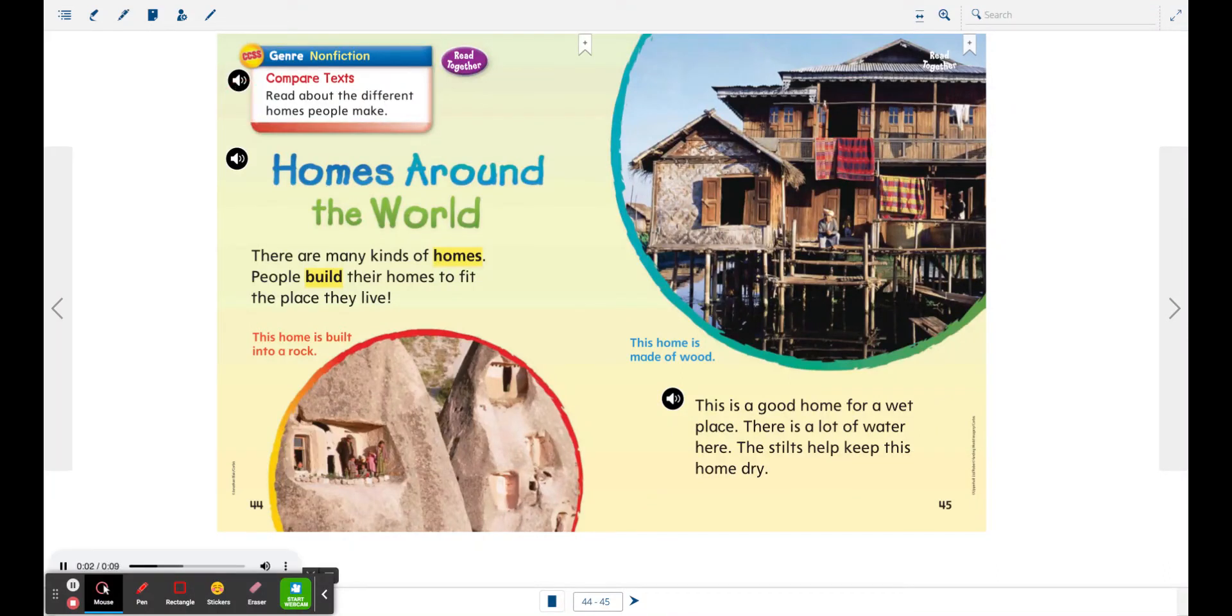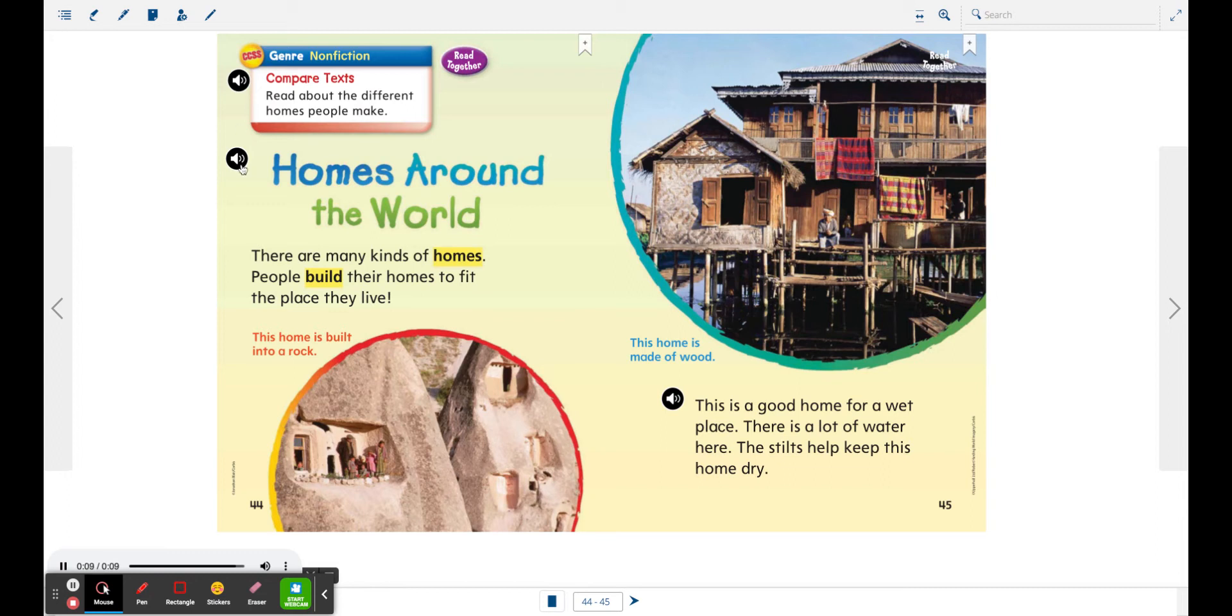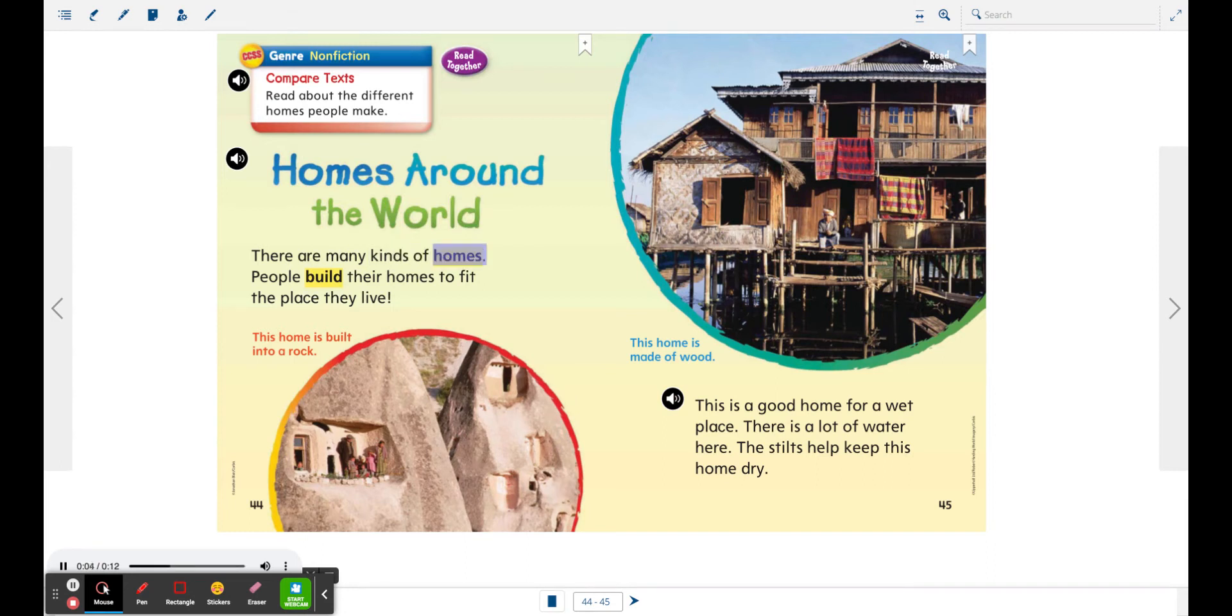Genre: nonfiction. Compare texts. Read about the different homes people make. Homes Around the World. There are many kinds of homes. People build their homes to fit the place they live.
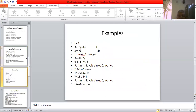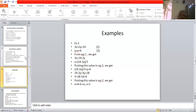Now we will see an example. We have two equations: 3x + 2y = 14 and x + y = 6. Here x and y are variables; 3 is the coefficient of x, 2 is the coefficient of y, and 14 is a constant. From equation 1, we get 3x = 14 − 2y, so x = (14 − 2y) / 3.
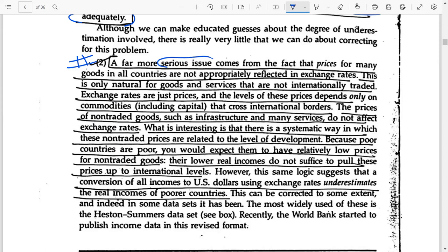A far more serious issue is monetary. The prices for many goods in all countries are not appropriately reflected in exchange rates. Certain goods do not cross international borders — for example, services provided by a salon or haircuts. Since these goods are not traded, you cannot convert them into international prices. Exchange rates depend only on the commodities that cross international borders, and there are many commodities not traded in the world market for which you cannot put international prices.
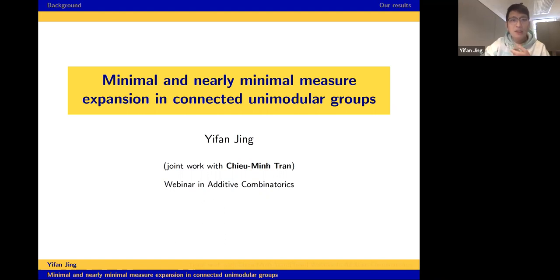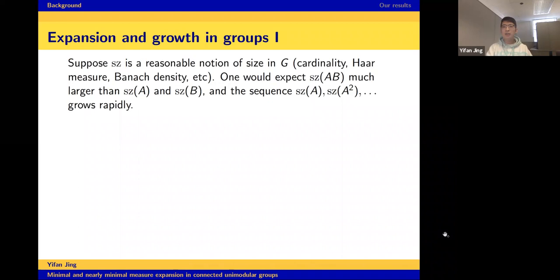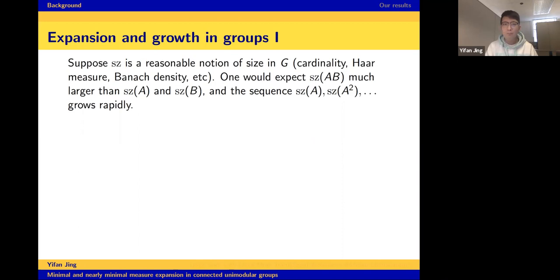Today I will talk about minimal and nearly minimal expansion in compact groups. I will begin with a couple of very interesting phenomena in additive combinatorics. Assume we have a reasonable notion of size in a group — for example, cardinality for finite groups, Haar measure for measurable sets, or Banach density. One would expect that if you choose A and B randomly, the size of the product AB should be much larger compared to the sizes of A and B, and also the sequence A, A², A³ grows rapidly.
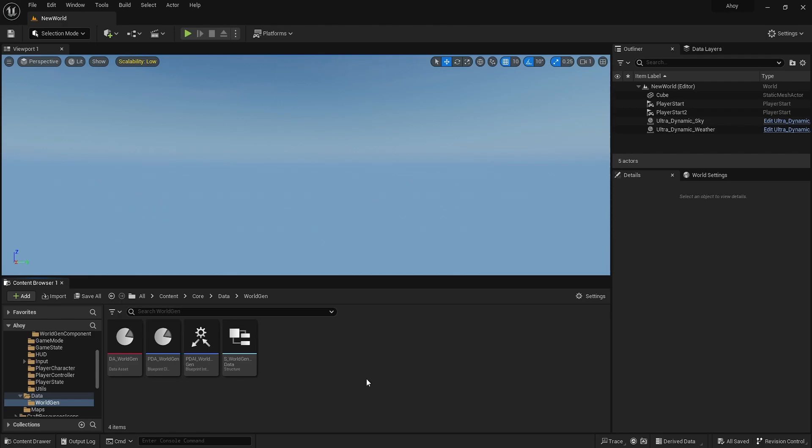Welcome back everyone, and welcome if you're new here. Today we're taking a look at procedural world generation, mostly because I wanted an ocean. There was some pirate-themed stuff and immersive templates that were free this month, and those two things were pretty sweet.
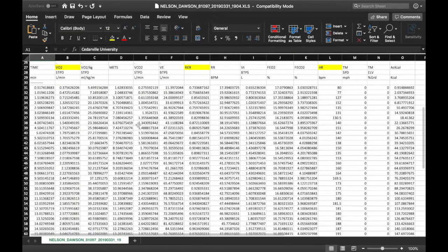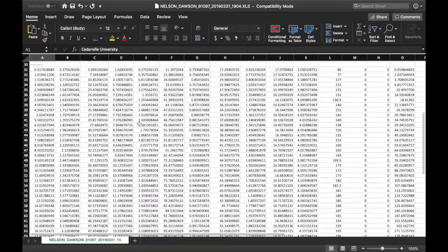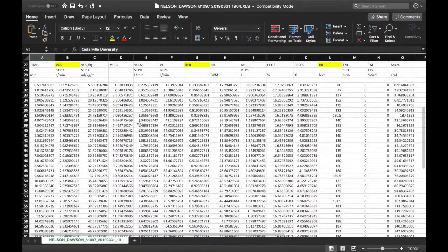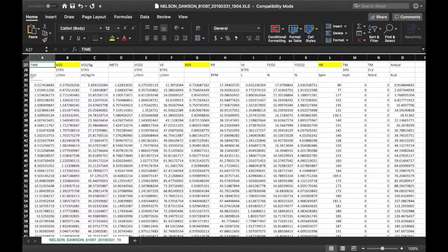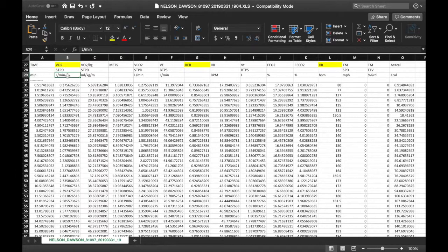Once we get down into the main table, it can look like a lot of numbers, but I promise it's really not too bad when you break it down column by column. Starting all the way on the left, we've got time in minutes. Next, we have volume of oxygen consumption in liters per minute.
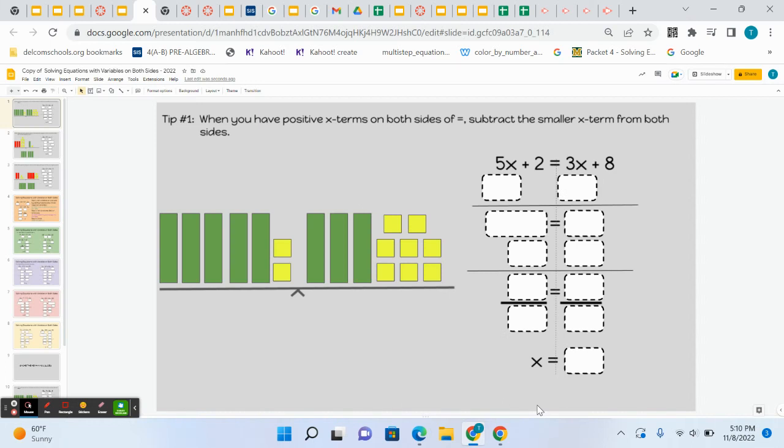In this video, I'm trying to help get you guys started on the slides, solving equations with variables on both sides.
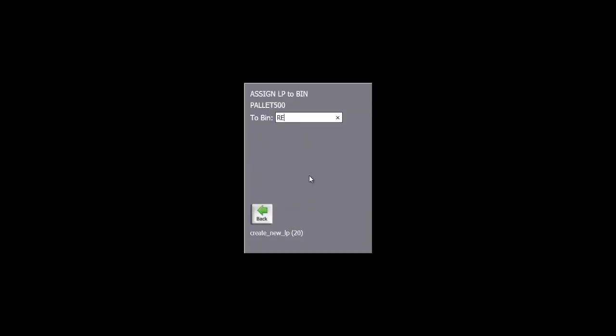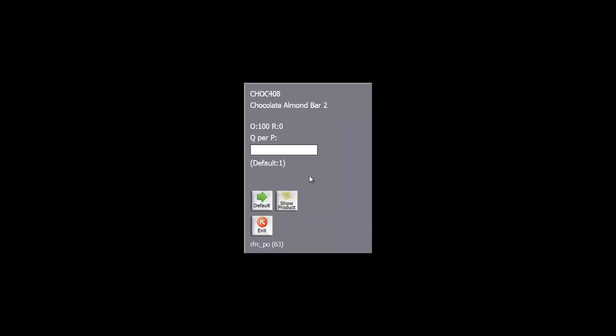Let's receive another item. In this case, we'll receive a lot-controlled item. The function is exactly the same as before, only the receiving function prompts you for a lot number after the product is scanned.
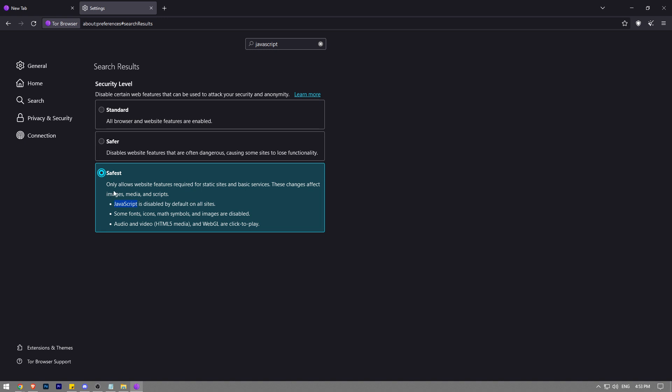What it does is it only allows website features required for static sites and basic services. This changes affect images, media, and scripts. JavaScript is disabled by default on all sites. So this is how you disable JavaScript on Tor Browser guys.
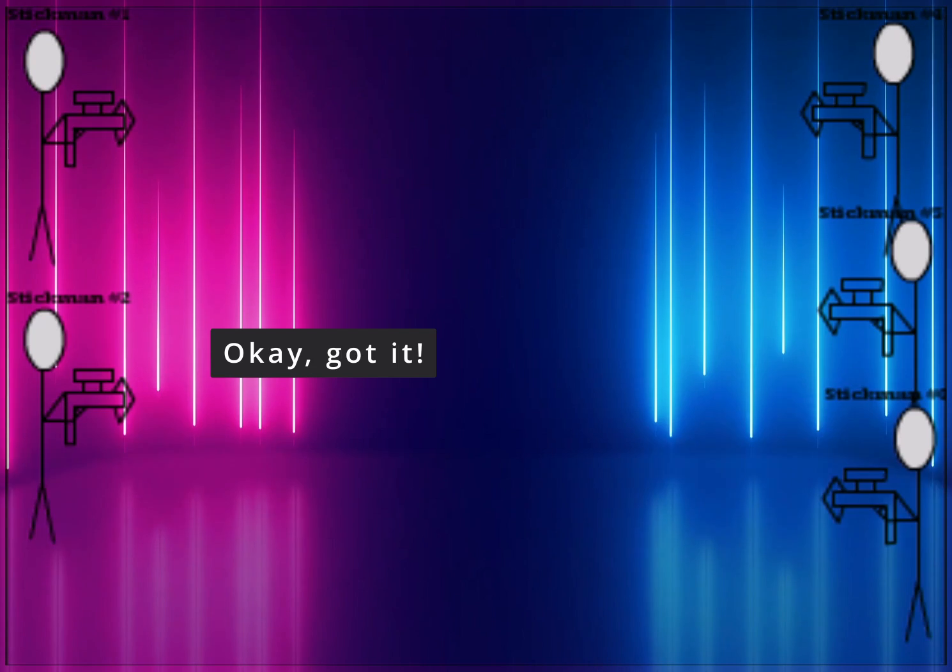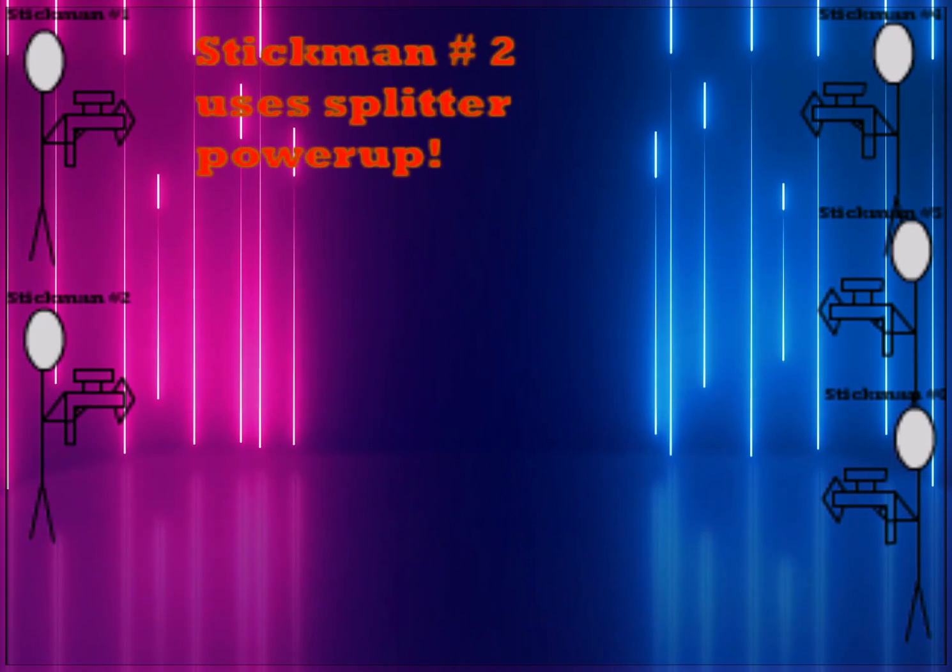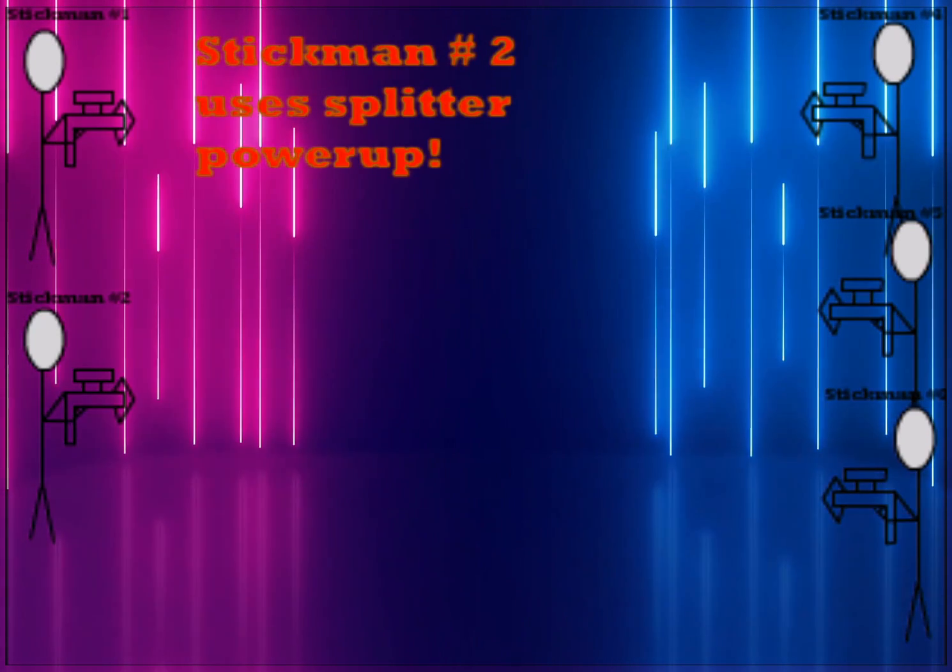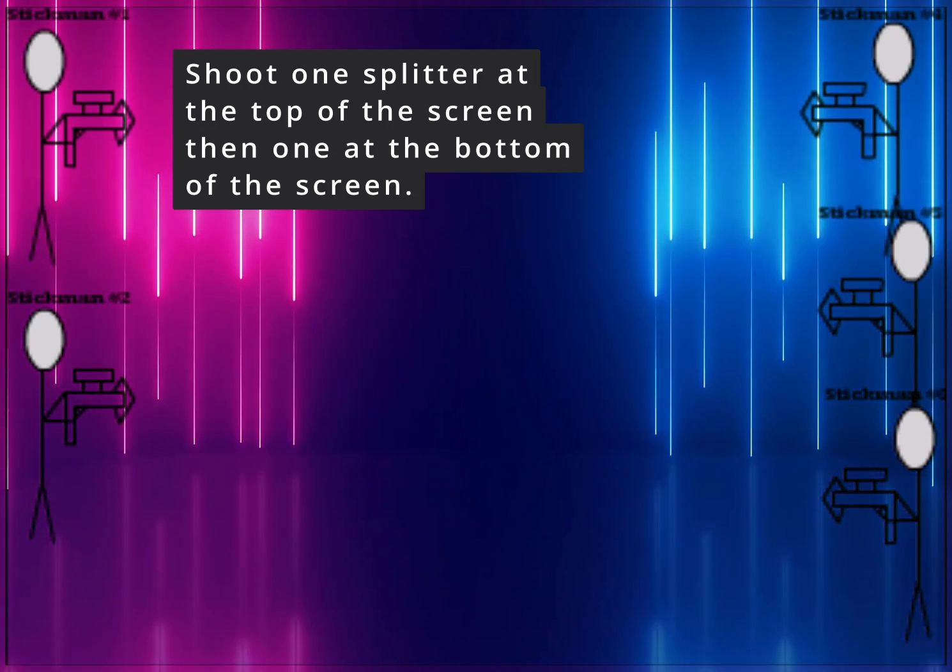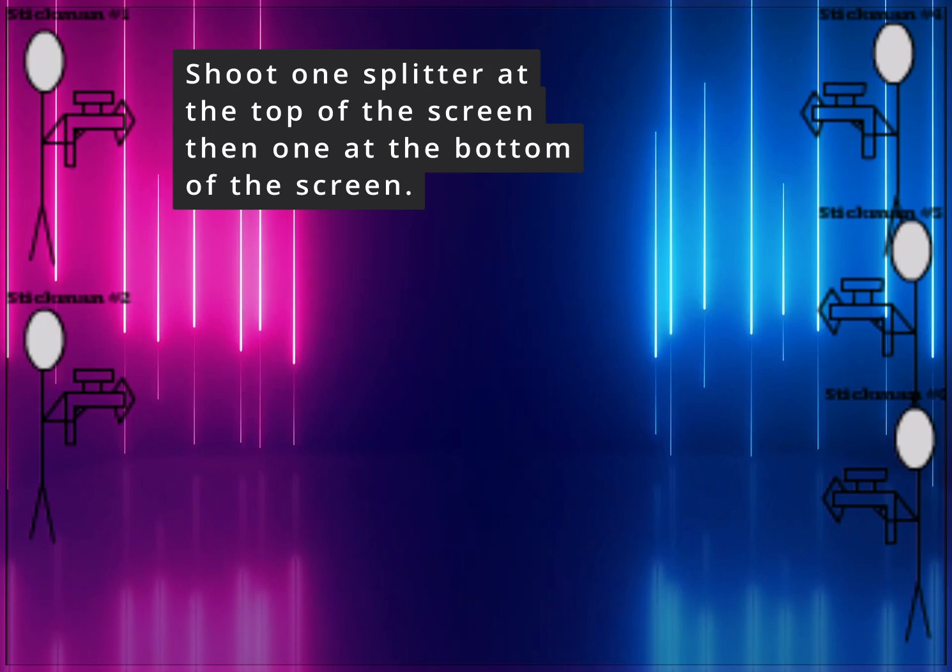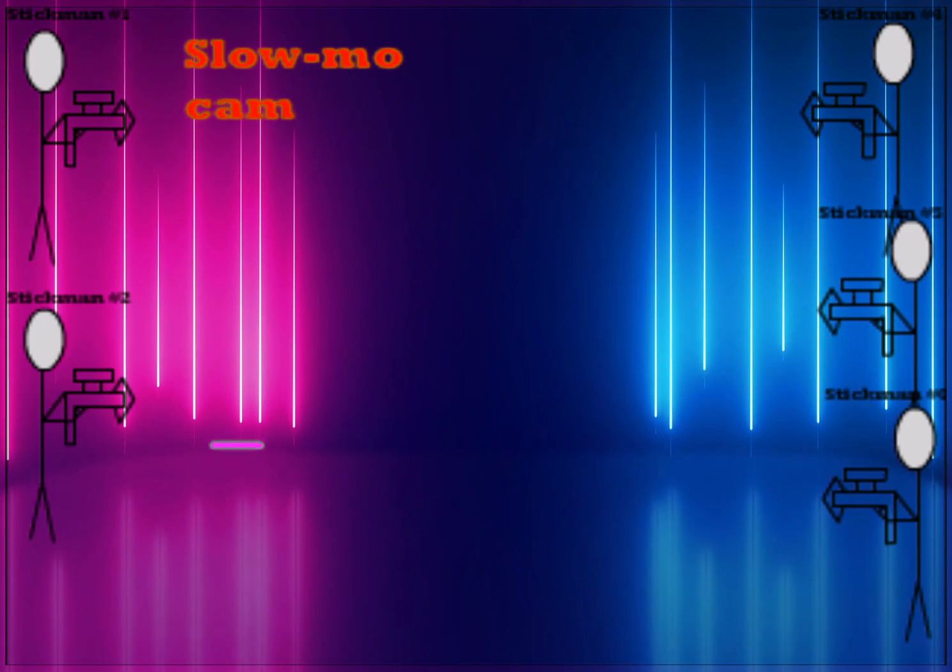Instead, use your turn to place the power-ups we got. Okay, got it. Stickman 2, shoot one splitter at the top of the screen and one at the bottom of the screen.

→ Work instruction:
Output, exactly as written, only the lines from the beginning of the listing through the line containing "In this video, I'm", both included, and no pictures.

→ Result:
Genre: nonfiction. Compare texts. Read about the different homes people make. Homes Around the World. There are many kinds of homes. People build their homes to fit the place they live.
Now we will see an example. We have two equations: 3x + 2y = 14 and x + y = 6. Here x and y are variables; 3 is the coefficient of x, 2 is the coefficient of y, and 14 is a constant. From equation 1, we get 3x = 14 − 2y, so x = (14 − 2y) / 3.
A far more serious issue is monetary. The prices for many goods in all countries are not appropriately reflected in exchange rates. Certain goods do not cross international borders — for example, services provided by a salon or haircuts. Since these goods are not traded, you cannot convert them into international prices. Exchange rates depend only on the commodities that cross international borders, and there are many commodities not traded in the world market for which you cannot put international prices.
Today I will talk about minimal and nearly minimal expansion in compact groups. I will begin with a couple of very interesting phenomena in additive combinatorics. Assume we have a reasonable notion of size in a group — for example, cardinality for finite groups, Haar measure for measurable sets, or Banach density. One would expect that if you choose A and B randomly, the size of the product AB should be much larger compared to the sizes of A and B, and also the sequence A, A², A³ grows rapidly.
Welcome back everyone, and welcome if you're new here. Today we're taking a look at procedural world generation, mostly because I wanted an ocean. There was some pirate-themed stuff and immersive templates that were free this month, and those two things were pretty sweet.
Once we get down into the main table, it can look like a lot of numbers, but I promise it's really not too bad when you break it down column by column. Starting all the way on the left, we've got time in minutes. Next, we have volume of oxygen consumption in liters per minute.
In this video, I'm trying to help get you guys started on the slides, solving equations with variables on both sides.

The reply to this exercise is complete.